First of all, our sharp readers will note that the numbers listed for 2002 to 2006 in the graph above are different from those in previous CPE reports. The CPE explains this is due to changes in the way this data is now collected and analyzed. It should also be noted that these figures do include private/home school as well as public school students.
The good news is that the remedial requirements have dropped, a little, over the six-year period covered by this data.
The bad news, as King points out, is the trend of improvement over time is painfully slow.
I did a regression analysis of the change in the percentage of students needing remedial math courses during the six-year reporting period. I found on average the rate of improvement works out to only 0.515 percentage points per year. At this current, very slow rate of improvement, it would take more than half a century to eliminate the need for college remedial math courses for Kentucky’s high school graduates. Clearly, as King points out, “We need to produce even greater improvement, faster.” A lot faster, given that the Chinese, Indians, South Koreans, Singaporeans etc., are not likely to let us wait that long before they totally overwhelm our economy.

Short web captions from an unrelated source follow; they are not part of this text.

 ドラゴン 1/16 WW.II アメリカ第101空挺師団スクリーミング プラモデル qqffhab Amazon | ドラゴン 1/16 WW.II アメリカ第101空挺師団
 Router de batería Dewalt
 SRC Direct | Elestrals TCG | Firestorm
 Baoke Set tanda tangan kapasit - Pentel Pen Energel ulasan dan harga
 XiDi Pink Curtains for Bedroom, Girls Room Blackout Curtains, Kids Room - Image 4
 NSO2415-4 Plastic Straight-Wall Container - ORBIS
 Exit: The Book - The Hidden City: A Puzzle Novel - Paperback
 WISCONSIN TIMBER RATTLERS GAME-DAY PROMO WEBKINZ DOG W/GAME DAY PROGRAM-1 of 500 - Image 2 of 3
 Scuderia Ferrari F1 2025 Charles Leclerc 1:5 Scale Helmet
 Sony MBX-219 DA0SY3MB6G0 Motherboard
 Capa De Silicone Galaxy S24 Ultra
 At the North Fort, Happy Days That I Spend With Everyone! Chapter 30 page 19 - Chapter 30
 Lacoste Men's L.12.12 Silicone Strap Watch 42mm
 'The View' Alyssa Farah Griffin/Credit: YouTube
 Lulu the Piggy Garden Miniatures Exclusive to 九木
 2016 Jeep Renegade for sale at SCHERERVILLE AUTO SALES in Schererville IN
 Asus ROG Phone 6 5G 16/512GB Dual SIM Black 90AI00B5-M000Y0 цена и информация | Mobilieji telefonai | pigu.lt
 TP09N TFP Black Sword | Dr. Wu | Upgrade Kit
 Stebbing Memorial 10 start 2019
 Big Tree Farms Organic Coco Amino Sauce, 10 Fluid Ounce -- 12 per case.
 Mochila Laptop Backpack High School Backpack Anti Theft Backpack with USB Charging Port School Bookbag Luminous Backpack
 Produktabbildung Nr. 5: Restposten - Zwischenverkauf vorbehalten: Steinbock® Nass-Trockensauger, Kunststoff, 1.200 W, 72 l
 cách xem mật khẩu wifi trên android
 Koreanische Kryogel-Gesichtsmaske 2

One other note: When the data for the entering college class of 2010 is posted, the CPE will be using tougher standards in math and reading to determine if remedial courses are required. CPE has analyzed current college performance and has found that the existing standards which were used to create the graph above are not tough enough. Thus, while the data graphed above show some improvement, this may not accurately show the true percentages of students that really need help before they tackle regular college courses.
The CPE high school feedback reports are available on line here.
Data used to assemble the graph above came from the “Statewide” link on this web page.